Amsterdam smart building shows off its 'Edge'
The Edge office building in Amsterdam prides itself on good coffee, lots of natural light - no desk is far from a window - and a gym that allows users not just to get fit but also to contribute to the energy supply of the office.
It also flushes its toilets with rainwater, has a robot security guard that will challenge you if you wander around at night and a whole range of clever technology to make the building sustainable.
The developers behind it, Dutch firm OVG, liked it so much that they moved in when it was finished, reports the BBC.
So is the office that has already been dubbed the world's greenest, really as smart as it seems?
The building, whose main tenant is consultancy firm Deloitte and was designed by London-based architects PLP Architecture, boasts "smart" ceilings embedded with 28,000 sensors, which measure temperature, light, motion and humidity. The lighting, designed by Phillips, is also smart – each one of the LED panels is ultra-efficient and requires only a tiny amount of electricity.
Workers can control the temperature, lighting and blinds via a series of apps on their smartphones and work is ongoing to unify them.
Users select the temperature they want from a sliding gauge on their phone and it will in turn adjust the valves in the pipes above their head. Each valve controls the temperature of around four desks so they do have to hope that the colleague sitting next to them is also happy with the change.
Workers can also use apps to book meeting rooms, open lockers and check in to their desks.
When The Edge opened in September 2014, around 20 percent of the workers checked themselves in via the app. That quickly fell to 10 percent and is now at around 1 percent, facility officials said.
When it became clear to developer OVG that covering the roof with solar panels was not going to be enough to provide 100% of The Edge's electricity it turned to its neighbors – the VU University of Amsterdam and the Amsterdam University of Applied Sciences – to install a further 44,100 square feet of solar panels on their rooftops in return for the free use of any spare electricity.

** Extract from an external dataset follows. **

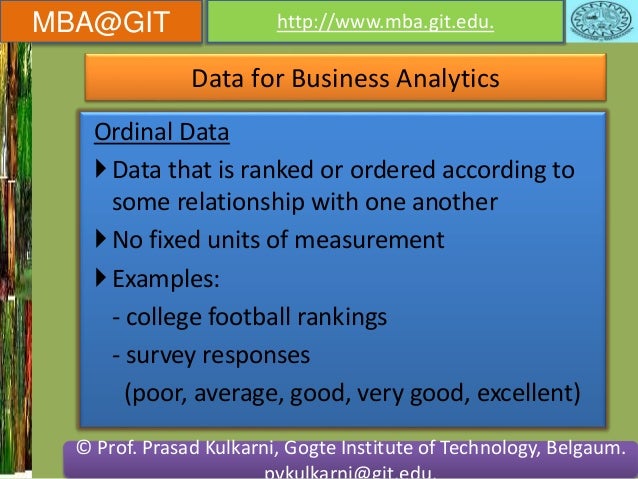 Mba Analytics In Usa business analytics module 5 14mba14 according to new vtu Mba Analytics In Usa business analytics module 5 14mba14 according to new vtu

The slanted atrium also has a job to do, draining rainwater to be collected in troughs and reused for cleaning and flushing the toilets.
The building is heated and cooled via an aquifer thermal energy storage system. Hot water is stored in wells in the ground during summer to help heat the building in winter and cold water in the same way in the winter to cool the building in the warmer months.
There are no radiators in the building. All the heating is provided by cables that run through the ceilings. One carries data and the other water to provide an ambient temperature across the whole structure.
Both Deloitte, the building's main tenant, and OVG, the developer, are open about the fact that The Edge is an experimental project and that not everything has worked.
One of its biggest challenges is making sense of the mountains of data generated by the sensors, the BBC reports.
For the moment the answer lies in data dashboards, which both the facilities teams and workers can access. It displays a variety of real-time data points, including the number of workers in the building at any given time, how many visitors, energy consumption and temperature.
It also has some more fun data sets, such as a pie-chart showing how much coffee, and what type, is being consumed in the building at any given time.
It became apparent from the data that lattes and cappuccinos were by far the most popular choice, meaning milk was frequently running out so Deloitte asked the manufacturer to make a new bespoke model with a larger compartment for milk, a real world example of how access to data can improve working lives.
Every coffee machine is also connected to the Internet, meaning facilities staff can see which ones are getting low and refill them before someone finds it empty. The towel rails in the bathrooms are similarly connected.
The hours that cleaners work have also been changed as a result of the data.